The most common type, episodic ataxia type 2 (EA2), has a prevalence of approximately 1:100,000. It is characterized by recurrent phases of stance and gait ataxia, vertigo and nausea triggered by, among other things, physical exertion or emotional stress. Accompanying symptoms include dysarthria, oscillopsia, tinnitus, dystonia, migraine-like headaches (in about 50% of cases) and light myasthenia symptoms. Between attacks, patients are initially asymptomatic, however, 90% develop ocular-motor disturbances and nystagmus. Although symptoms usually being in childhood or early adulthood (2-32 years), people with late onset disease, after 63 years of age, have also been described.  There is variable clinical expression, even within a family.
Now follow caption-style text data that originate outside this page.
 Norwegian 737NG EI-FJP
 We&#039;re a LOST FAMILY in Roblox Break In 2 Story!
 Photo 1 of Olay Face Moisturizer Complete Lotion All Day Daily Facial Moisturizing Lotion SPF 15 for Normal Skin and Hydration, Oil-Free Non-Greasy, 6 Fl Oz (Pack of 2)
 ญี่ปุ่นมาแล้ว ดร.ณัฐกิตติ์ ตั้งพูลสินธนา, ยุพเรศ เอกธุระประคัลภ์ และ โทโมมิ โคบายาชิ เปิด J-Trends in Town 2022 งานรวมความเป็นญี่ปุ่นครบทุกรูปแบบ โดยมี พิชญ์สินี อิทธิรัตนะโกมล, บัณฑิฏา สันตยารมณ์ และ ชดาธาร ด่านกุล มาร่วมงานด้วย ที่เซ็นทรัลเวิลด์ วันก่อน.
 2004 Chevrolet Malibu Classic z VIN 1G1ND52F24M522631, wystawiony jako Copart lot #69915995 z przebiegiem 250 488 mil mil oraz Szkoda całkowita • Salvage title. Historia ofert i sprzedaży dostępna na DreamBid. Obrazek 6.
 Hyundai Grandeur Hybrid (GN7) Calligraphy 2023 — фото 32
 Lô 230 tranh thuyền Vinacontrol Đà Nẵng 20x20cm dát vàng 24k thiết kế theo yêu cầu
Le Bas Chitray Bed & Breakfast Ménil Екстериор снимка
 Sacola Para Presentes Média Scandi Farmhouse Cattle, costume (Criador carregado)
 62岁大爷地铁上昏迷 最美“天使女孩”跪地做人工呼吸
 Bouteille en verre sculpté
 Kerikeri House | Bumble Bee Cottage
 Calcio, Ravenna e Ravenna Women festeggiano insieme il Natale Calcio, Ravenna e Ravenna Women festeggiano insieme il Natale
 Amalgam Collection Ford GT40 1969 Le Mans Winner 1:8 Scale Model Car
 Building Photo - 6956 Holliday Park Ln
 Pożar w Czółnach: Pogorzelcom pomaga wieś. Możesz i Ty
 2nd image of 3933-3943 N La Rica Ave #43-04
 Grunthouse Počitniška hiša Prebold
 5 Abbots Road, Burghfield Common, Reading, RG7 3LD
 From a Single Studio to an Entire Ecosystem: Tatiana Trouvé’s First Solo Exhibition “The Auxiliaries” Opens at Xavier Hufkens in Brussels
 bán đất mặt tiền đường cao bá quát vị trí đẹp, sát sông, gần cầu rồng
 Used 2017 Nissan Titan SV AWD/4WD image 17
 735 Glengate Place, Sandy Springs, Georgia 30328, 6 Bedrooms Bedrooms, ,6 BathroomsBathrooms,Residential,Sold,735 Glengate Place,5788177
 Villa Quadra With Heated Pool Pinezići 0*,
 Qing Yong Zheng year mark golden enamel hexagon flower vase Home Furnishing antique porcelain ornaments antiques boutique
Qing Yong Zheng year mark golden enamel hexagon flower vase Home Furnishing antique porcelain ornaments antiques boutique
EA2 is caused by mutations in the CACNA1A gene. This gene codes for the alpha-1A subunit of voltage-controlled calcium channel CaV2.1, which is expressed predominantly in the brain stem and in cerebellar Purkinje cells. Mutations in this gene have also been described as a cause of familial hemiplegic migraine. In addition, the expansion of a CAG triplet in the coding region of this gene is the cause of spinocerebellar ataxia type 6 (SCA6).